The German ‘painting prince’ takes on works from ‘the painter of France’ through exercises of homage, figuration, and abstraction.
Painter, sculptor, writer, graphic artists, and free jazz pianist, Renaissance man Markus Lüpertz has been styled as the ‘painter prince’ in Germany, for he’s one of the most enduring popular and respected contemporary painters of his country.
Working mainly in neo-expressionism, his distinctive paintings and sculptures blend figuration with abstraction, breathing new life into post-war painting and sculpting. Forms undergo simplification, details face enlargement, and the familiar becomes grotesque, the recognisable takes on new forms, an ethos befitting the title of his manifesto, ‘Art That Disturbs’.

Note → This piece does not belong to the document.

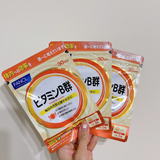 Viên Uống Vitamin B giảm mệt mỏi và ngủ ngon Fancl Nhật Bản - 30 ngày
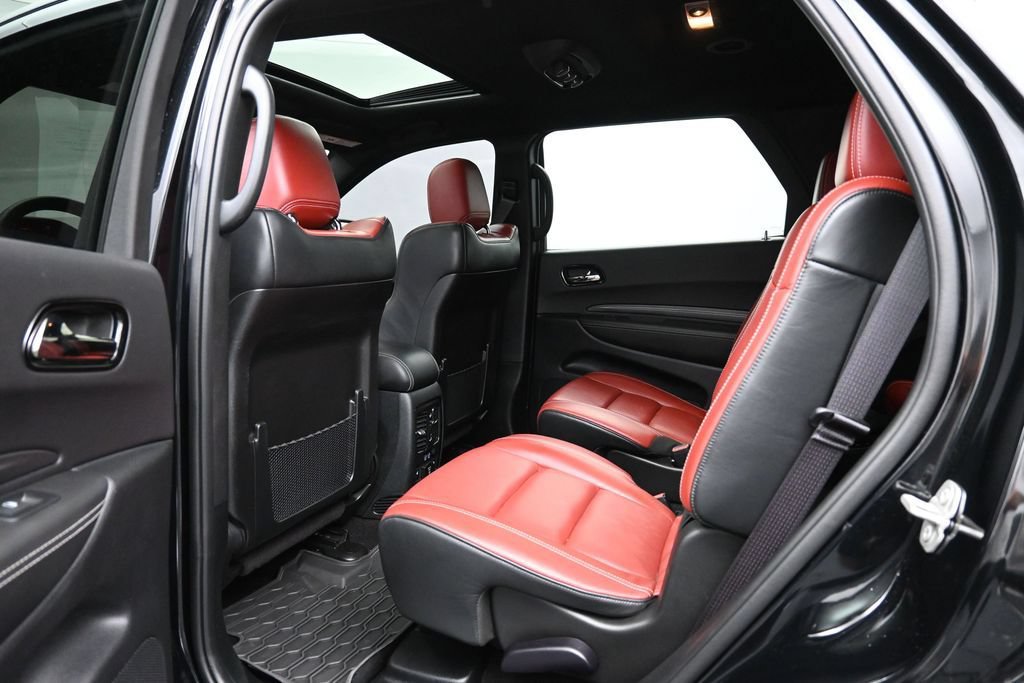 Used 2024 Dodge Durango SRT Hellcat AWD/4WD image 25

Engaging with Puvis de Chavannes, who Van Gogh called ‘the master of us all’, Lüpertz honours the proto-modernist by incorporating figures and objects into his own abstraction, again toying with the familiar, or otherwise mirroring the mysticism and classicism that runs through Chavannes work.
Markus Lüpertz - Pierre Puvis de Chavannes opens to the public on 14 November with a private view on 13 November from 6-8 PM. A catalogue with text by art historian Aimée Brown Price will accompany the exhibition. The exhibition will remain on view through 1 February 2025. Gallery hours are Tuesday through Saturday, 10 AM to 6 PM.